Work required:
Begin at the line with "קאן טו Nam Bo" and output every line through the end of the records, exactly as given. Omit pictures.
■ ■ ■ ■ ■
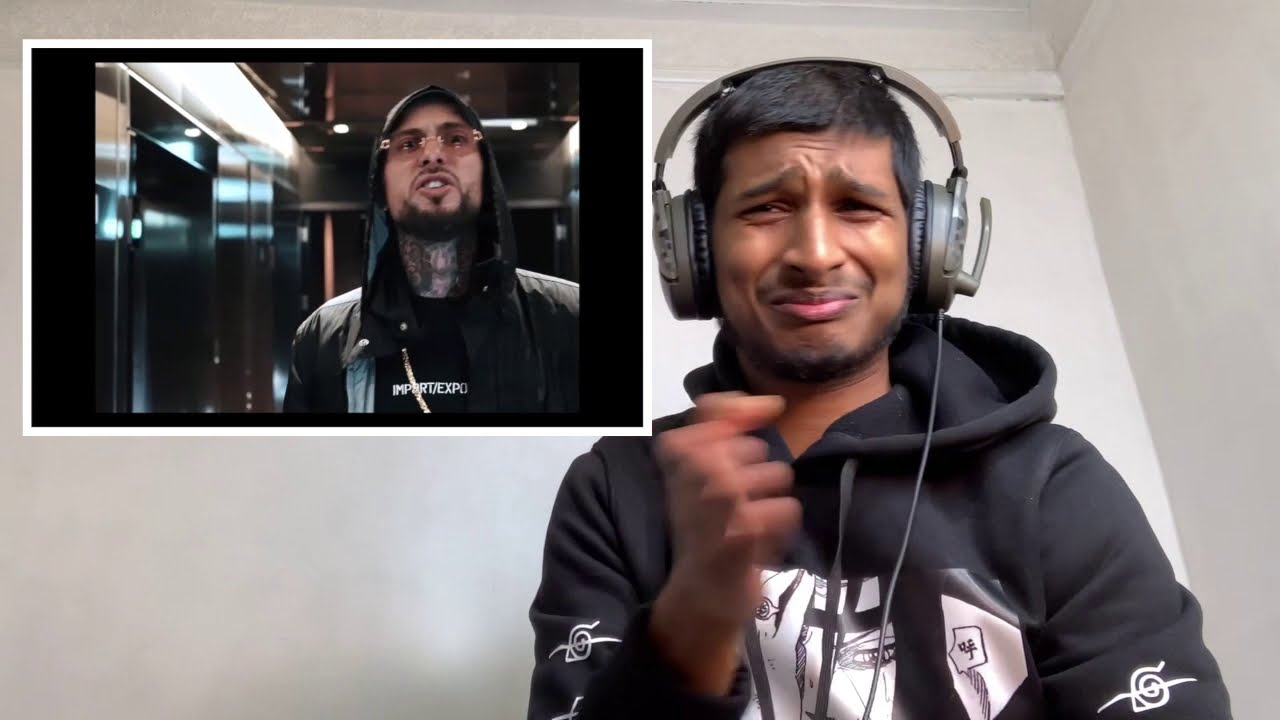Malik Montana - Jungle Boyz (prod.OLEK) | Polish Rap stays WINNING! | REACTION | Darealdilshanreacts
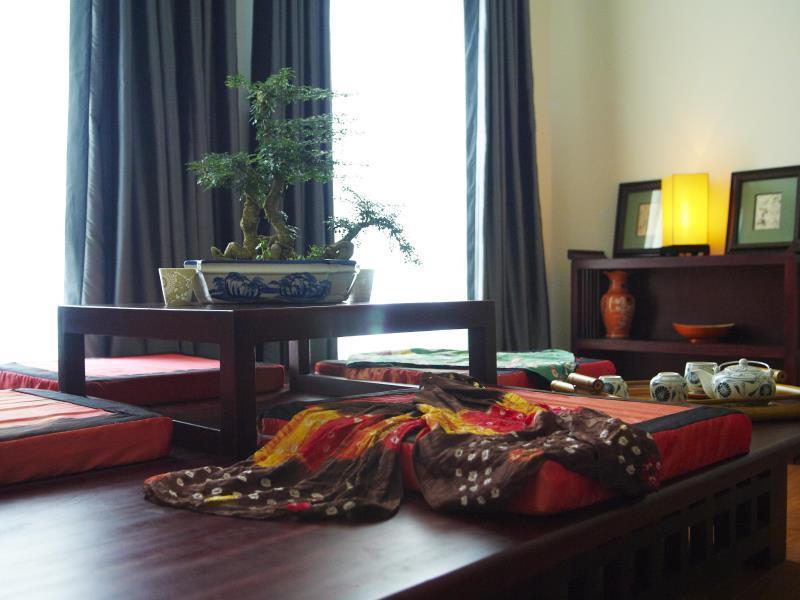קאן טו Nam Bo Boutique Hotel מראה חיצוני תמונה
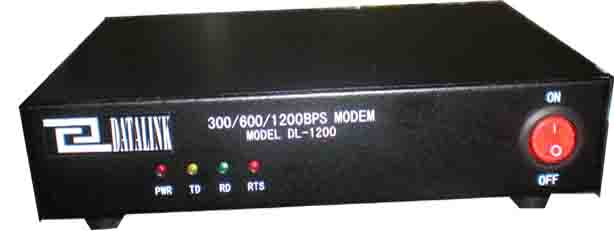數聯信通信 電力MODEM DL-1200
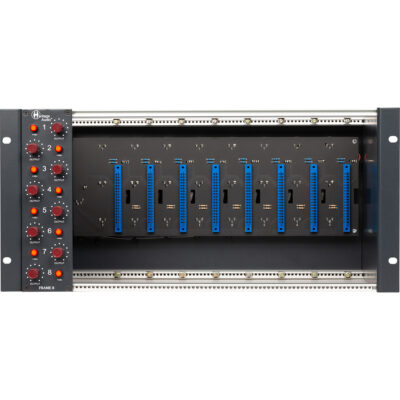 Heritage Audio Frame for 8 80 Series modules incl PSU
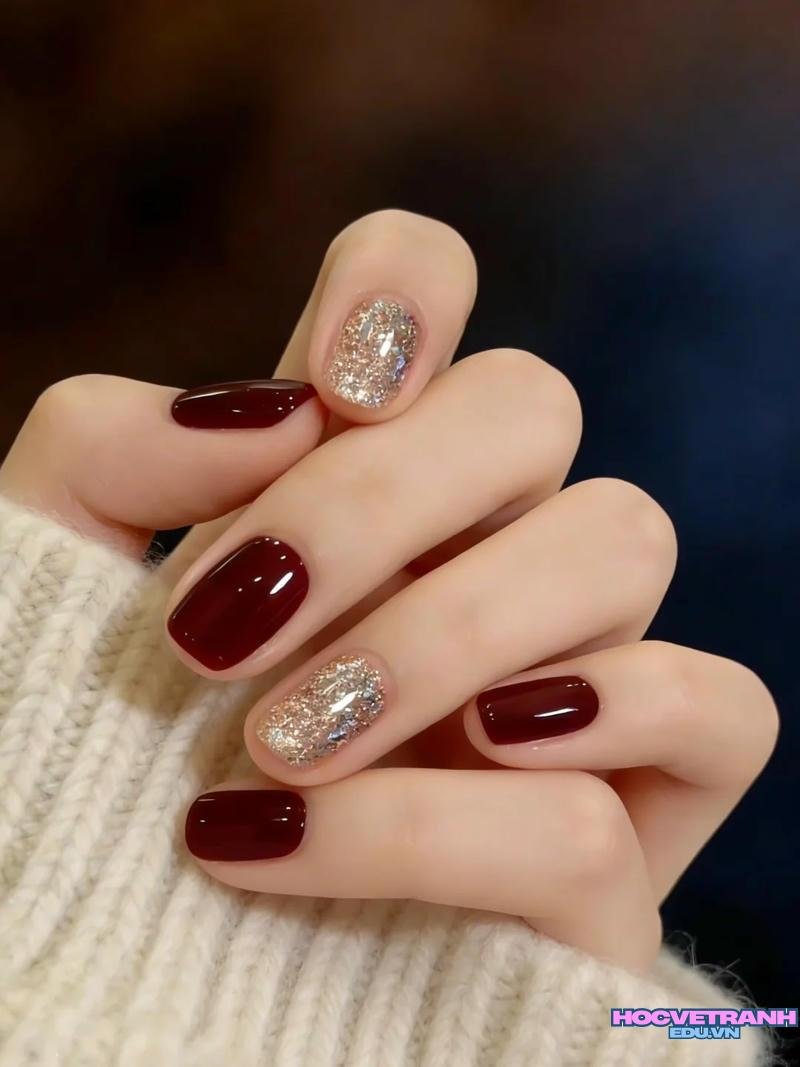 Xem ảnh nail mùa thu đẹp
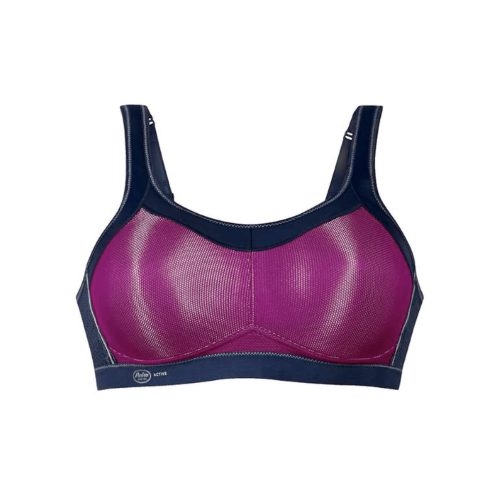 Anita Active Momentum fuchsia sport bh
■ ■ ■ ■ ■
Output of the task:
קאן טו Nam Bo Boutique Hotel מראה חיצוני תמונה
數聯信通信 電力MODEM DL-1200
 Heritage Audio Frame for 8 80 Series modules incl PSU
 Xem ảnh nail mùa thu đẹp
 Anita Active Momentum fuchsia sport bh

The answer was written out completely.